Não fosse por esse motivo, a exposição já seria importante por outro. Há 46 anos São Paulo não via uma obra de Schwitters. A última vez que os paulistanos passaram os olhos numa de suas históricas collages foi na VI Bienal Internacional de São Paulo (1961). Raras nos museus brasileiros, apenas uma obra sua pode ser vista no Museu de Arte Contemporânea (MAC) de São Paulo. Pensando nisso, o Ministério das Relações Exteriores da Alemanha e o Instituto Goethe de São Paulo resolveram em parceria reunir as 120 obras das coleções do Museu Sprengel de Hannover e da Fundação Kurt e Ernst Schwitters, os dois organizadores da mostra que marca o início do Kulturfest, festival dedicado às artes (cinema, música, dança, artes visuais) promovido pelos institutos Goethe do Brasil até 2 de dezembro.

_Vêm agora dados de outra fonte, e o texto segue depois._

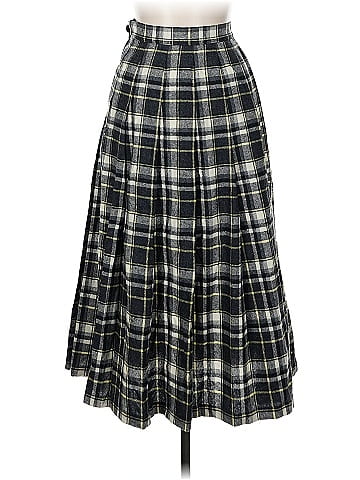 Miss Pendleton Wool Skirt (view 2)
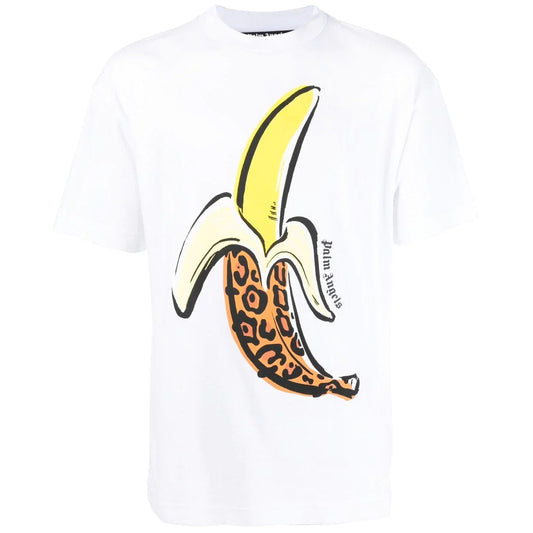 Palm Angels White Banana T-Shirt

A seleção traz exemplares de todos os períodos do artista, entre desenhos, collages, assemblages, esculturas e até uma réplica do Merzbau, obra-chave concebida antes que a Alemanha mergulhasse em seu pesadelo, testemunhando a ascensão de Hitler ao poder, e destruída num bombardeio aéreo, em 1943. A palavra Merz é uma espécie de pedra de toque na obra schwittersiana, extraída de um fragmento de jornal com a palavra Kommerz. Ironia. Provavelmente vinha de Kommerzbank, banco comercial, indicando sua resposta aos dadaístas, que o consideravam burguês, embora Hans Arp tenha sido o primeiro a persuadir Schwitters a abandonar a academia. Merzbau foi o centro da criação desse mito pessoal. Nasceu no próprio estúdio do artista.

Nessa protoinstalação, que começou em 1923 e passava por todas as paredes do mesmo, collages e assemblages unidas por fios de arame e cordas desciam as escadas e tomavam toda a casa. Schwitters juntou a ela um bizarro conjunto de objetos achados, presenteados por amigos ou desprezados por artistas, antecipando em muitas décadas o site specific e as instalações de Tony Cragg (não se deve esquecer que o escultor inglês vive em Wuppertal e conhece bem a arte alemã). Antes de Cragg, outros beberam na fonte de Schwitters. O pintor pop Rauschenberg foi um deles. Nos anos 1960, ele grudou objetos à tela numa típica solução neodadaísta, guardando muito da ironia das collages de Schwitters e, por conseqüência, absorvendo delas seu caráter paradoxal.

Schwitters era epilético e introvertido. Seu trabalho cria um jogo enigmático, ao provocar associações perturbadoras. Carrega uma tensão interior, oscilando entre o abstrato e o real e anunciando a sociedade do desperdício que surgiria no pós-guerra. Obra de um visionário, o verdadeiro realista.